Tentang perubahan nama Irian Jaya menjadi Papua, saya pikir Gus Dur punya keberanian yang luar biasa. Gus Dur dengan pertimbangan yang matang, memberikan kebebasan kepada rakyat Papua untuk mengubah nama provinsinya. Termasuk pula bagaimana Gus Dur memandang bendera OPM tidak jauh berbeda dengan bendera partai politik sehingga tidak dimaknai sebagai ancaman yang menakutkan. Gus Dur pula telah berhasil mengubah pendekatan kepada rakyat Papua yang selama ini identik dengan pengiriman anggota TNI/Polri sebagai respon atas kejadian disana, maka pendekatannya ketika itu lebih ke arah persuasif dan memahami apa sebenarnya yang diinginkan oleh rakyat Papua. Maka tak heran jika Gus Dur mendapatkan kehormatan di mata masyarakat Papua atas jasa-jasa yang telah dilakukannya.

Yang paling kontroversi adalah keputusannya mengeluarkan dekrit presiden. Dekrit yang tidak didukung oleh TNI/Polri ini akhirnya menjadi senjata Amien Rais untuk menjatuhkan Gus Dur dari tampuk kepemimpinannya sebagai kepala negara dan kepala pemerintahan. Kejadian ini sebenarnya telah membawa Indonesia ke arah perpecahan. Seperti yang kita ketahui, Gus Dur adalah presiden yang didukung oleh kalangan NU dengan memiliki basis massa sekitar 60 juta. Ketika itu (menurut pengakuan Gus Dur sendiri) ada jutaan massa yang sudah siap ke Jakarta sebagai bentuk penolakan pelengseran Gus Dur. Tetapi Gus Dur malah sebaliknya melarang mereka berangkat ke Jakarta.

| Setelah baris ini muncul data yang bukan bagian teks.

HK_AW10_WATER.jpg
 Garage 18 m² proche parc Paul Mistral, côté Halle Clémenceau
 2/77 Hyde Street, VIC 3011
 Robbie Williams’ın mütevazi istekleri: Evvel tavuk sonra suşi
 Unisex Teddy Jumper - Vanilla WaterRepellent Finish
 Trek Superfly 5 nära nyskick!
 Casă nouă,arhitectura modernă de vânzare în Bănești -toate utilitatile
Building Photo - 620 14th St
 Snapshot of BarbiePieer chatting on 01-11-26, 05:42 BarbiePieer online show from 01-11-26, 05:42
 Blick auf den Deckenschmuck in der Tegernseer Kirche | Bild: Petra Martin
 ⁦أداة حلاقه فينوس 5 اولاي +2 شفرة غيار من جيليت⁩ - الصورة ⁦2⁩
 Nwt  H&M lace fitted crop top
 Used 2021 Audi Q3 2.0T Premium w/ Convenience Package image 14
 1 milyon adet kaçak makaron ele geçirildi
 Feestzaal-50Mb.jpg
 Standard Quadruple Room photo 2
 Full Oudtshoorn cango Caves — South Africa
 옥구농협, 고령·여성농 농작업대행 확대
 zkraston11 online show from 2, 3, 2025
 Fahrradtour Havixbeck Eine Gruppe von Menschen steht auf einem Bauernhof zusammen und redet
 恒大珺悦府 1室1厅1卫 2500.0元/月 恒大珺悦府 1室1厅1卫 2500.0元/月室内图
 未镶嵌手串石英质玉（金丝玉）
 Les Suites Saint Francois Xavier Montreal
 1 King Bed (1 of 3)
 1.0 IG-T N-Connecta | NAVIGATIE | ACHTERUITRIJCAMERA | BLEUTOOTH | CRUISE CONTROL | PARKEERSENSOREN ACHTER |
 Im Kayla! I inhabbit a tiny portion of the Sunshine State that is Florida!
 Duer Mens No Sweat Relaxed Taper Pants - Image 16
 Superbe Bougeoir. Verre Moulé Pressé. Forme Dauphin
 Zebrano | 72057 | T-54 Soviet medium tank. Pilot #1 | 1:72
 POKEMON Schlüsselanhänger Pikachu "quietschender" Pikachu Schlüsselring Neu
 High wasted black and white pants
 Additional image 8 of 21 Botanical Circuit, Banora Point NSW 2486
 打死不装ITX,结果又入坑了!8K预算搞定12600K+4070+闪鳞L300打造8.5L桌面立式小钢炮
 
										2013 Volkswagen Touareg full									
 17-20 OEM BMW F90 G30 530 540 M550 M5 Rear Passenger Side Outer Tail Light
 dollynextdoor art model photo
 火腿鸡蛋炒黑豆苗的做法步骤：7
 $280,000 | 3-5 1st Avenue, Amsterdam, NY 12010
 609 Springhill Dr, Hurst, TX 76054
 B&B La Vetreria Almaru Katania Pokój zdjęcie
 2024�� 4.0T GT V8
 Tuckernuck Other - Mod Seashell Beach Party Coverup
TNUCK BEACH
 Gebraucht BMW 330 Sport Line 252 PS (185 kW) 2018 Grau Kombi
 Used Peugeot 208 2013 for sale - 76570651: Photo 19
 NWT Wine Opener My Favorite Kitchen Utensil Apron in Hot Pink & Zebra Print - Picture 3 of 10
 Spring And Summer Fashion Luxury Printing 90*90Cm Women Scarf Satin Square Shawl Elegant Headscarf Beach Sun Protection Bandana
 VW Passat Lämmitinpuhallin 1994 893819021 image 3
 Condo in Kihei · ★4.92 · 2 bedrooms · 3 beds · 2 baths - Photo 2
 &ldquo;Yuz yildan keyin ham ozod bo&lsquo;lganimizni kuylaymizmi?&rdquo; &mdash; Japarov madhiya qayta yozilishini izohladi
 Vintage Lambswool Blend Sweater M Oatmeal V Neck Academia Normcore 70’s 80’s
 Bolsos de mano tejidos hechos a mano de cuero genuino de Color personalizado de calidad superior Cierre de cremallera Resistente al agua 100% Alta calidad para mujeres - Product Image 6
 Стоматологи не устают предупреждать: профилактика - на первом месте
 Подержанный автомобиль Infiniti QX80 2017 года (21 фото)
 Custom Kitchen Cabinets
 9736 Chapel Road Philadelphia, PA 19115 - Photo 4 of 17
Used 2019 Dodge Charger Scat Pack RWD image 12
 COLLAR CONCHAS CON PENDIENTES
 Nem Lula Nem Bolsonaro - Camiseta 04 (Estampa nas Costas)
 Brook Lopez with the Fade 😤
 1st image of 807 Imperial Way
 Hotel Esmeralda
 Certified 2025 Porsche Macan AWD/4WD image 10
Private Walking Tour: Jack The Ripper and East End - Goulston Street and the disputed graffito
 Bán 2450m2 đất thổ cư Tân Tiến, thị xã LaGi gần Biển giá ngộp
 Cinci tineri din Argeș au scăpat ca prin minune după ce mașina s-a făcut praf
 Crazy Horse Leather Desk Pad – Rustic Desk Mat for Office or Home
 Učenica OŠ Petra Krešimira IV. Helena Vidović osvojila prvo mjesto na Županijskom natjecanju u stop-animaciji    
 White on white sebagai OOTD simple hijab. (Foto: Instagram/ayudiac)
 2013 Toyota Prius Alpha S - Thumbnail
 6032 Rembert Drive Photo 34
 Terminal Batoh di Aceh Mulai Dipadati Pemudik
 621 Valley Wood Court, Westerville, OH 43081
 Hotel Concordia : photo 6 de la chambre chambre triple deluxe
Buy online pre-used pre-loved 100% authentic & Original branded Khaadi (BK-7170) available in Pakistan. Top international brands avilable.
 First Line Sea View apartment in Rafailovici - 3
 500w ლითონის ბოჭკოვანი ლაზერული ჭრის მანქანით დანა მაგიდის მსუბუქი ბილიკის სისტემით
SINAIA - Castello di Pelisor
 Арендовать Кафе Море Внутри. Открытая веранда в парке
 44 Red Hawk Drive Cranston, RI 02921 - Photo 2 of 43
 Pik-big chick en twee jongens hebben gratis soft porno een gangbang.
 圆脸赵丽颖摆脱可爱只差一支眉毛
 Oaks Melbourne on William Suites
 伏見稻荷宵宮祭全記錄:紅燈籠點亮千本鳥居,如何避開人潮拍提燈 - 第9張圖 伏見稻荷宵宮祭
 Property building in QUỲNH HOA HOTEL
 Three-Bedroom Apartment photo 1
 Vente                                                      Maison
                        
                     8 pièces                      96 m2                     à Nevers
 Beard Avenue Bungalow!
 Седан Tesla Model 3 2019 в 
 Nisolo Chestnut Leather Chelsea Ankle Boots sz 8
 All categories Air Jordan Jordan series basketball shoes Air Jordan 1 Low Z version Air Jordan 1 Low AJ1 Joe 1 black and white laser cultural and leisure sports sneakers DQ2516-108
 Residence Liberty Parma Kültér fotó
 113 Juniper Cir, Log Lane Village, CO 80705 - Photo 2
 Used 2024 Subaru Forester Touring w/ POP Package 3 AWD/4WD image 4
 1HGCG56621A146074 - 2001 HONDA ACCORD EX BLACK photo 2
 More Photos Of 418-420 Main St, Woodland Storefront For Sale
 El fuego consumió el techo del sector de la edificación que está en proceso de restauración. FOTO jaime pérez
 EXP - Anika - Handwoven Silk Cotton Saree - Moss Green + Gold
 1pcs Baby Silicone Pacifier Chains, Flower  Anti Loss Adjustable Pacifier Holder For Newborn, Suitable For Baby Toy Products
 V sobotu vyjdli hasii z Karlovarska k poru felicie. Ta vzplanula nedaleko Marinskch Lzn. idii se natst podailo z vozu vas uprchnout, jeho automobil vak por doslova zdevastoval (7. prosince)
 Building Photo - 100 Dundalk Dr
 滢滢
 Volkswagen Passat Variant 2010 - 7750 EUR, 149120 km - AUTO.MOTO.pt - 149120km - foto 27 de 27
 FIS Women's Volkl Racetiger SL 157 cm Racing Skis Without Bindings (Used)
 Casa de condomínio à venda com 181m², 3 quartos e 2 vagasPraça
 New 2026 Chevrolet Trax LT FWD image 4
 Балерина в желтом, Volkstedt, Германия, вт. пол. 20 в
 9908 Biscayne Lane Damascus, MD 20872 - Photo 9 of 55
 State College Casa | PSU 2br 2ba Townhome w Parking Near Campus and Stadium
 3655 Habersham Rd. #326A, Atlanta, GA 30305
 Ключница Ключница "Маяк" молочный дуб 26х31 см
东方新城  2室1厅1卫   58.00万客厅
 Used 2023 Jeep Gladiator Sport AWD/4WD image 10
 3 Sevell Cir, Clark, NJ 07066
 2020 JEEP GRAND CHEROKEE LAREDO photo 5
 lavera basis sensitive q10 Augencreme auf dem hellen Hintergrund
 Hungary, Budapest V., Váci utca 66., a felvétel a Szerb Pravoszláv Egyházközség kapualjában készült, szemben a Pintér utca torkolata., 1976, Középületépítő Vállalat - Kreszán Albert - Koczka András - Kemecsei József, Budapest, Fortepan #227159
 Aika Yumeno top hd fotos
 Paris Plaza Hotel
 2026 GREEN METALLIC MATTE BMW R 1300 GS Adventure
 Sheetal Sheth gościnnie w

Saya melihat jika fenomena ini adalah sesuatu yang luar biasa. Tidak mudah bagi seseorang yang telah memiliki posisi tinggi, merasa tidak melakukan kesalahan apapun dan didukung oleh massa yang luar biasa untuk menerima sebuah keputusan pelengseran dirinya. Gus Dur melakukan itu dan dia lebih memilih untuk mengalah. Ini bukan keputusan yang dilandasi oleh ketakutan semata, tetapi keputusan ini justru memperlihatkan jika Gus Dur adalah sosok negarawan sejati. Baginya kedudukan sebagai presiden tidak lebih berharga jika dibandingkan dengan kesatuan bangsa ini. Gus Dur memilih untuk melarang massanya datang ke Jakarta karena pastilah akan terjadi bentrokan yang hebat dan bisa menimbulkan perang saudara. Gus Dur lebih memilih mengutamakan persatuan daripada sebuah jabatan. Dan inilah salah satu sifat mulia Gus Dur yang bahkan sebagian kalangan tidak memahami itu.

Sesudah beliau menjadi presiden, perjuangan Gus Dur untuk melakukan pembelaan terhadap kaum-kaum yang tertindas tetap dilakukannya. Gus Dur tidak peduli jika ia banyak mendapat penentangan karena membela golongan minoritas tertindas seperti ahmadiyah dan beberapa kalangan minoritas lainnya. Ada yang bahkan terang-terangan membenci Gus Dur hingga mencacinya dengan umpatan “Buta Mata Buta Hati”. Itu bahkan dilakukan oleh pimpinan sebuah ormas islam. Tidakkah ia sadar jika Gus Dur punya garis keturunan sampai kepada Nabi Muhammad SAW. Dan Gus Dur pun tidak membalas umpatan itu karena beliau sadar jika membalas umpatan itu, maka saat itu nilai-nilai kemanusiaannya telah hilang. Gus Dur juga tidak menggerakkan massanya untuk melakukan aksi-aksi berjilid dengan isu penghinaan terhadap ulama. Sangat berbeda dengan ulama zaman sekarang yang begitu cengeng dalam permasalahannya. Gus Dur jauh di atas mereka. Gus Dur juga telah melampaui dimensi kemanusiaan mereka.


Seperti sebuah balasan, mereka yang memusuhi Gus Dur dengan tindakan dan umpatannya telah menuai akibatnya. Kita lihat bagaimana Amien Rais yang menjadi aktor di balik pelengseran Gus Dur tidak lagi memiliki karir politik yang cemerlang pasca menduduki jabatan ketua MPR. Ada juga politisi Bachtiar Chamsyah yang ketika itu menjadi ketua pansus dengan tujuan melengserkan Gus Dur lewat Buloggate akhirnya mendekam di dalam penjara. Tak ketinggalan Habib Rizieq yang mengumpat Gus Dur dengan sebutan buta mata dan buta hati menjadi buronon dengan tersangka kasus chat mesum. Coba bayangkan, seorang yang mengaku sebagai keturunan Nabi menjadi tersangka kasus chat mesum, bukankah itu tamparan bagi mereka yang mengaku sebagai keturunan nabi di negeri ini. Saya berkeyakinan jika Allah SWT memberikan balasan yang layak bagi mereka yang telah mendzolimi Gus Dur. Bagiku, Gus Dur adalah pahlawan bangsa di bidang kemanusiaan. Keteladanannya akan terus menjadi contoh bagi para pejuang kemanusiaan di negeri ini. Saya rindu dengan orang sepertimu Gus, 8 tahun kau telah meninggalkan kami (30 Desember 2009 – 30 Desember 2017).